Chris Harrison said...

Thanks for the write up. I didn't catch the beginning, but the ending had to be one of the most hilarious interview terminations ever. Behe's babbling on and then all of a sudden: "THANKS FOR COMING ON THE SHOW". Behe, confused and annoyed, forces a smile.

hahaha

Oh, and that dude is distractingly short.

Anonymous said...

Great post, so I hate to bring this up. Einstein really did overthrow Newton. Newton was not right, he was accurate to within the limits of measurement at his time. Newtonian mechanics is not an accurate description of the data available today.

Eric Michael Johnson said...

Neuralsmith -

I agree with you. Newtonian mechanics breaks down under extreme conditions. But this doesn't represent an "overthrow" of Newton the way Behe asserts.

According to physicist Arthur R. Smith here, “Einstein's theory is actually exactly equivalent to Newton's theory for very weak gravitational forces of normal slow-moving bodies. What happens is that in Einstein's theory the sun (or other heavy body) distorts space time around it, in a way that mimics Newton's gravity.”

And the way Einstein refined Newton (and radically changed our understanding of the universe) was by setting up several testable hypotheses to prove his theory (for example, perturbations in Mercury's orbit and light deflected by Earth's gravity).
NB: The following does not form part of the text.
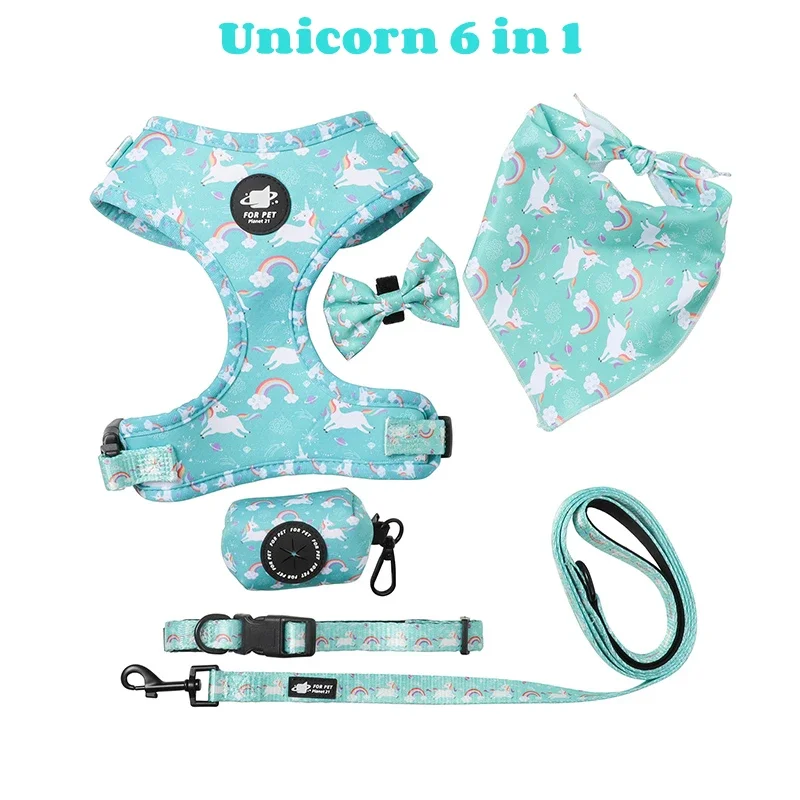 Conjunto de arnés para perros que incluye chaleco, arnés, collar, correa, pañuelo, bufanda, bolsa para excrementos y accesorios para mascotas (gatos y perros). - Imagen 9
These were later verified. Where are Behe's testable hypotheses? Without them his ideas aren't science, making Intelligent Design nothing but creationism wrapped in technical language.

Anonymous said...

Actually, Behe didn't really claim that Einstein overthrew Newton; he said that Einstein showed the "limits" of Newton. Most physicists and philosophers of science agree.

What Colbert replied to Behe (that was rhetorically beautiful) was: So you are to Darwin as Einstein was to Newton?

Even Behe had to blush at the implied hubris of his position. He tried to fob off the "glory" onto the work of contemporary scientists, but that's just nonsense, since the vast majority of scientists are (neo-) Darwinians.

Anonymous said...

Eric,
I agree. But again, I would not say Einstein refined Newton. There is no way to get relativity out of Newtonian mechanics. The two theories fundamentally contradict each other. It just so happens that to the limits of measurement Newton is a good approximation.

By the way, great blog.

JKMcKee said...

Anybody notice that the Discovery Institute did NOT tout Behe's performance on its weblog? It was a major appearance by their biggest star, and they neglected to even mention it.